Si l'inauguration de la stèle a été maintenue, le maire d'Amboise Thierry Boutard (divers droite) a fait part de son indignation. «J’ai eu honte qu'on traite une œuvre d’art et un artiste de cette sorte. Le deuxième sentiment est bien sûr l’indignation. C’est une journée de concorde qui doit rassembler et un tel comportement est inqualifiable», a-t-il dit à l'AFP.
«C’est une période politiquement tendue ou que certains se plaisent à tendre [...] Nous résisterons contre ces propos calomnieux, ces actes inqualifiables, souvent teintés d’intolérance et de racisme», a-t-il ajouté.
De son côté, l'artiste Michel Audiard a confié sa peine de voir son œuvre en partie détruite. «C'est réellement un saccage prémédité. Il faut une disqueuse, il faut couper, il faut tordre. C'est un acte de lâcheté [...] ce n'est pas signé, c'est gratuit. On était là pour fêter un personnage emblématique dans la tolérance et là c'est un acte intolérant. Je suis atterré», a-t-il lâché.
Le maire a également indiqué que l'œuvre serait «restaurée et refaite». L'artiste l'a estimé possible d'ici un mois.
Le député La République en marche d'Indre-et-Loire Daniel Labaronne s'est également dit «indigné et consterné», voyant en effet dans Abdelkader un «homme de tolérance, de paix et de dialogue».
L'ambassadeur d'Algérie en France dénonce «un acte de vandalisme d'une bassesse inqualifiable»
L'ambassadeur d'Algérie en France Mohamed Antar Daoud a dénoncé de son côté «un acte de vandalisme d'une bassesse inqualifiable». «Il faut dépasser cela […] Le rapprochement franco-algérien continue. Il y a une dynamique, une volonté de part et d'autre d'aller de l'avant», a-t-il poursuivi dans des propos rapportés par l'AFP.
L'historien Benjamin Stora a dénoncé «l'obscurantisme et l'ignorance» de ceux qui ont vandalisé l'œuvre. «L'émir Abdelkader a eu plusieurs vies. Il a combattu la France bien sûr mais il a été aussi un ami de la France. Ceux qui ont fait ce geste ne connaissent rien à l'histoire de France, ce sont des analphabètes, des incultes qui ne savent pas ce qu'a été l'émir», a-t-il regretté.
L'émir Abdelkader ibn Mahieddine est une grande figure de l'histoire de l'Algérie. Celui qui était surnommé «le meilleur ennemi de la France» a joué un grand rôle dans le refus de la présence coloniale française en Algérie.
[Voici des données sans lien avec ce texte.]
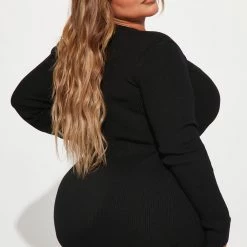 Fashion Nova In The Name Of Love Sweater Midi Dress - Black -fashion nova dresses Shop 08 31 22Studio1 RD DJ 12 10 38 18 YLD4147FN Black 10221 JB PLUS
Il est considéré comme l'un des fondateurs de l'Algérie moderne.
Après sa reddition, il a été emprisonné à Pau, Toulon, puis au château d'Amboise de 1848 à sa libération en 1852. Il s'exile ensuite à Damas, où il s'illustre en 1860 en défendant les chrétiens de Syrie, en proie aux persécutions. Cet acte fera de lui un symbole de tolérance. Il sera récompensé de la grand-croix de la Légion d'honneur.